Pesky Humans and Kilkenomics

In workshops, leadership off-sites, retreats etc, a few themes typically emerge when wrestling with the toughest of issues. One of those is around people. I often lighten the tone when leading these by saying something like:

“wouldn’t your business be simple if it weren’t for all those pesky humans?”

Always gets a laugh. Seriously, though, most accomplished businesses and their leaders are great with numbers, process, logic. What keeps leaders up at night are almost always issues linked to understanding people.

Why, then, is our education at all levels so skewed towards understanding numbers, logic, rationale etc rather than behaviours and what drives them?

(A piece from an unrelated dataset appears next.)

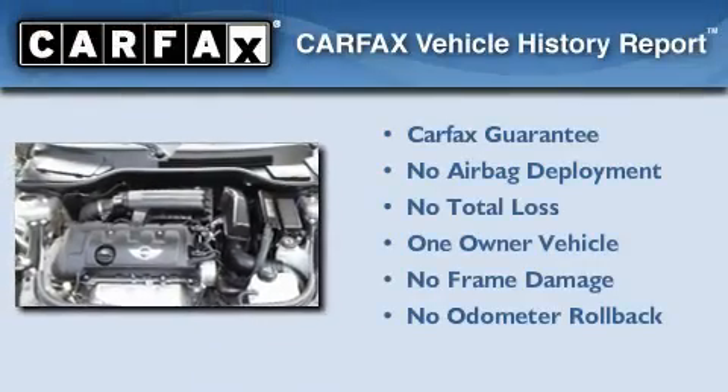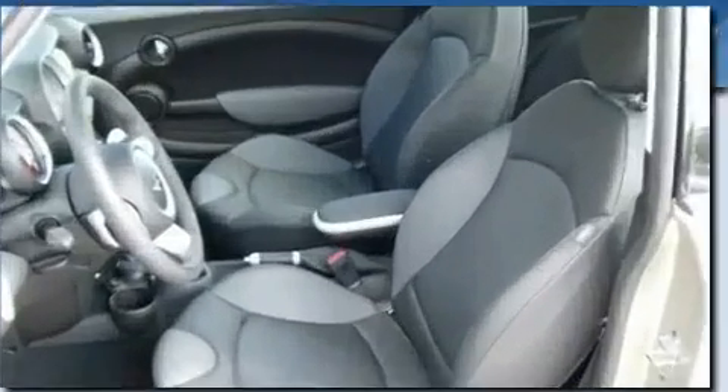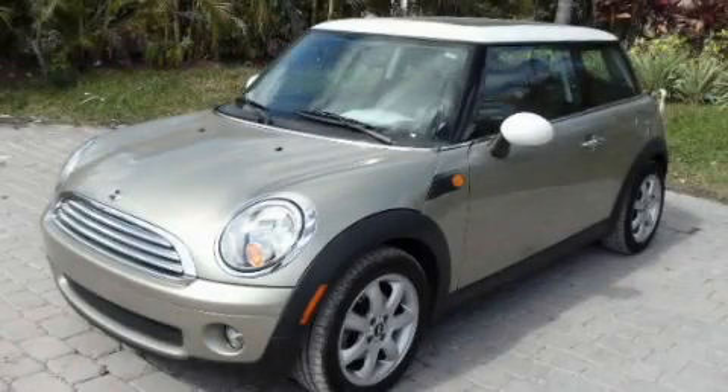This Mini has had only one owner and it qualifies for the Carfax buyback guarantee. Contact us today and schedule your opportunity to see this automobile in person.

I’m saying this as a Chartered Accountant trained in numbers. Again I often will say this in introducing myself by saying “I’m a Chartered Accountant, the first step to recovery is admitting you have a problem”. Again, seems to get a laugh!

Recently I spoke with the Economics faculty at one of the world’s top Universities. I asked them “do you include Behavioural Economics in your undergraduate curriculum ?”. The answer was “we are looking at that”. I was speechless and politely moved on.

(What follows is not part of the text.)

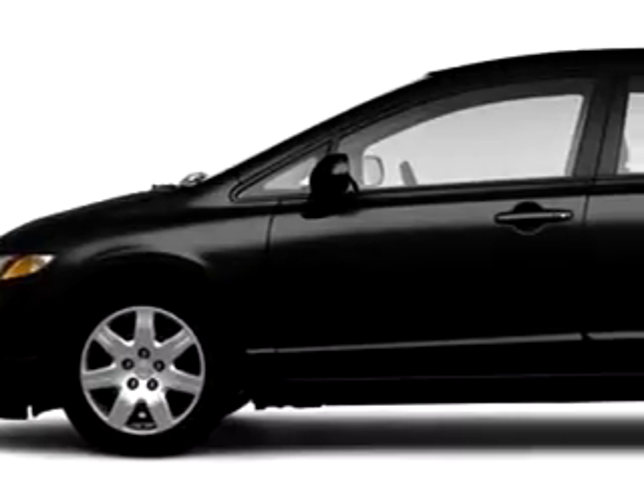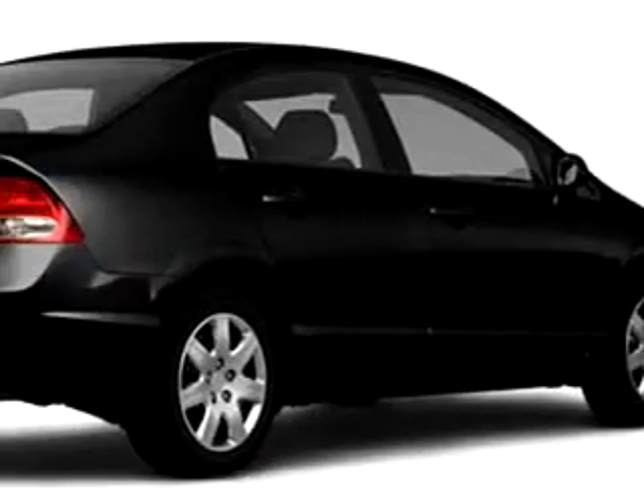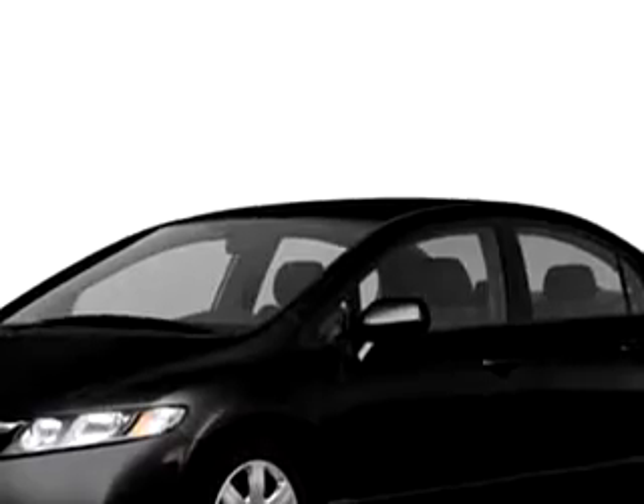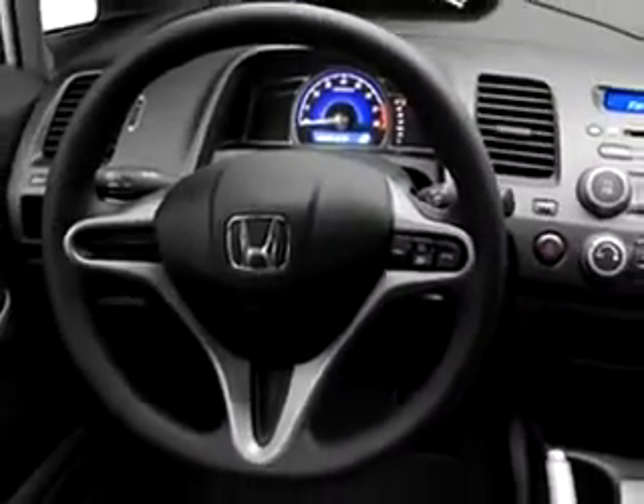Check out this black 2010 Honda Civic LX, equipped with a four-cylinder engine with only five miles. Enjoy this great car with features like cruise control and emergency trunk rally SE.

In October 2017, Richard Thaler was awarded the Nobel Prize for Economics. Finally, a Behavioural Economist…cue…

snoopy dance Kilkenomics pesky humans

It is said that if you ask 50 Economists the same question you will get 50 different answers. Why? The influence of “pesky humans” and their behaviour.

So, what can we do to understand Economics better ? to forecast and lead our business more effectively? Perhaps more focus on people rather than numbers?

As part of my quest to understand pesky humans, I’m going to Kilkenomics , the brainchild of David McWilliams who seeks to combine Economics and Comedy in a weekend festival. From Nov 9-12, an unusual crew will descend on the lovely town of Kilkenny and look to meet at the confluence of Economics, Comedy… and Guinness, all with the intention of understanding better how the world works.

As to David, I love his style. He is a man of strong opinions and shares them freely, often delivering them with humour (and of course backed up with the credibility of his deep knowledge and experience around numbers “and stuff”). He has landed on a style of delivery that lands for people, and it is that combination of economic opinion and reaching people with humour that I find is drawing me to Ireland. That and the Guinness, of course.

I’m very much looking forward to spending time with that group of pesky humans, and to being inspired from that to write a bunch more posts!